Product-Related Impurity Characterization
According to ICH Q6B guidelines , impurities in biological products can be classified as process-related and product-related. Process-related impurities include those that are derived from the manufacturing process (e.g., cell substrates, cell culture media components, or downstream processing); product-related impurities in the drug substance are molecular variants with properties different from those of the desired product formed during manufacture and/or storage. The general approach to the characterization of these impurities is to isolate sufficient quantity and then apply commonly used techniques for characterization. SSCI offers a full complement of analytical techniques for the isolation and characterization of process and product-related impurities:
Aggregation State Characterization
Protein aggregation has been a critical quality attribute and is considered an important factor that may increase the risk of immune response. Protein aggregates can form during production, storage, or shipment. Many environmental conditions (i.e., mechanical stress, pH, ionic strength, temperature, light, and oxidation) lead to protein unfolding, misfolding, and subsequently to aggregation either by physical interaction or by covalent bonding. SSCI has extensive experience in characterization of aggregates in solution including proteins/peptides, oligonucleotides, and other polymers using the advanced analytical techniques:
SSCI provides expertise for structure elucidation of proteins, peptides, oligonucleotides, PEGylated proteins and small molecule drugs, antibody-drug conjugates (ADCs), and other polymers using various techniques.
Protein Formulation Development
Physical and chemical instabilities are the most challenging tasks in the development of protein therapeutics. The molecular structure of protein is delicate in nature compared to small molecule drugs and is highly sensitive to environmental changes and stresses. Ensuring native-like higher order structure in a biologic drug is essential because the overall conformation not only defines the stability and biological activity, but also the efficacy and safety.
Comparability protocols for biologics [6-8] are based on the realization that changes in a manufacturing process, equipment, or facilities could result in changes in a biological product that would affect the products safety and efficacy. Comparability protocols are aimed at reducing the risk of such changes by outlining strategies for comparing the properties of pre- and post- change materials.

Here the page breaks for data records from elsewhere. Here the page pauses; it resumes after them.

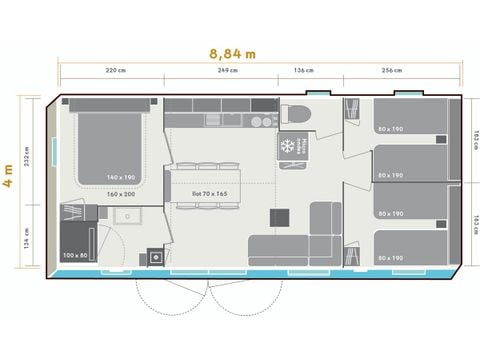 MOBILHOME 6 personas - Casa móvil Comfort - 3 habitaciones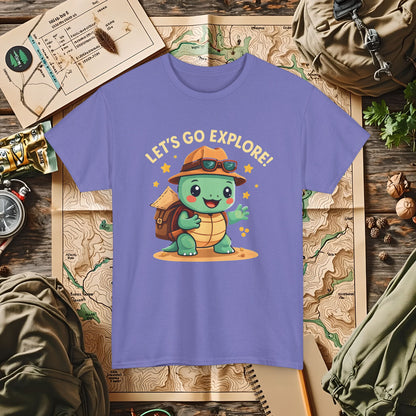 Let’s Go Explore T-Shirt – Cute Turtle Explorer with Travel Gear Design | Camping, Hiking, Rafting & Kayaking Tees for Nature Lovers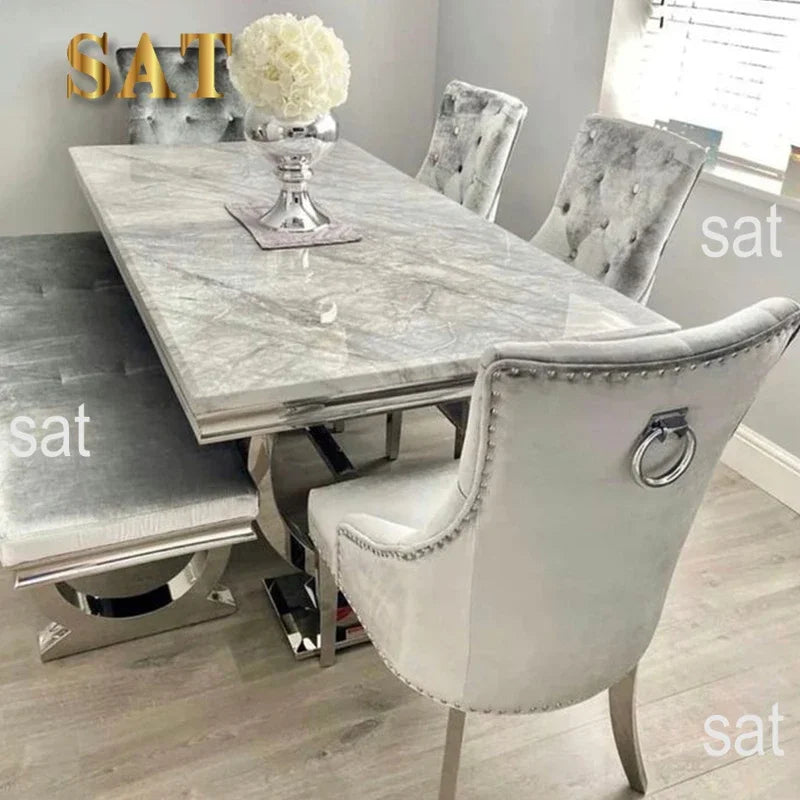 # Dining Room Furniture Restaurant Tables Dining Table Silver Dining Set With 4 Chairs #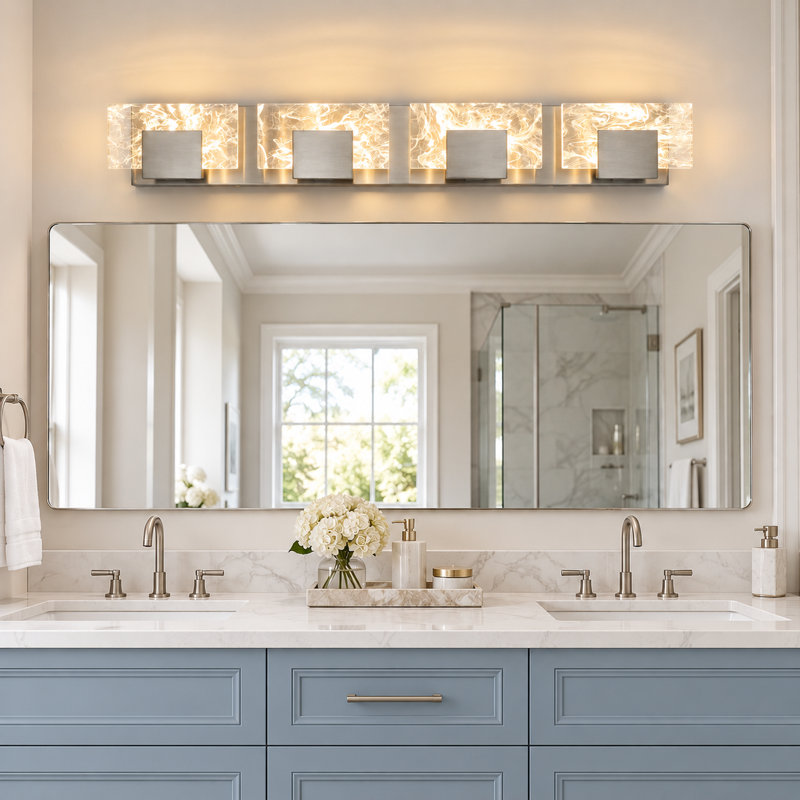 4-Light Modern Bathroom Vanity Light, Nickel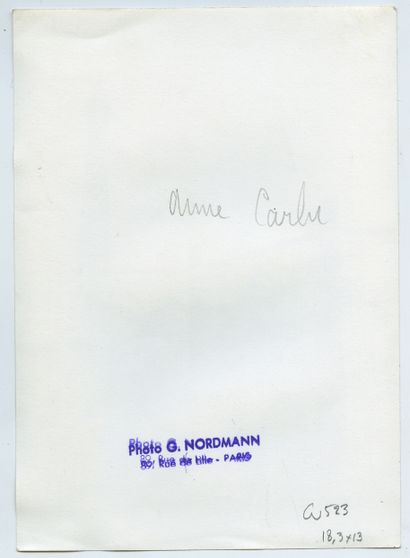 null Anne CARLU (1895-1972), painter. Vintage silver print, 18.3 x 13 cm. Stamp of...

Analytical Method Development and Validation
SSCI specializes in biochemical method development, transfer, and validation for the analyses of biological products and biosimilars by HPLC, UPLC, LC-MS, MALDI-TOF MS, NMR, and assays. All methods are developed and validated according to ICH guidelines [9-11] for accuracy, precision (repeatability and intermediate precision), specificity, limit of detection, limit of quantitation, linearity, range, and robustness.
Protein and Peptide Crystallization
SSCI offers crystallization screening using a variety of crystallization techniques from vapor diffusion to microbatch screening. Initial screening is conducted on a small scale using various vapor diffusion techniques (sitting drop, hanging drop, sandwich drop, and capillary) and batch crystallization techniques (slow evaporation, fast evaporation, and anti-solvent precipitation). The conditions in which crystallization occurs will be further optimized and scaled up. The batch crystallization process can also be applied to large scale purification.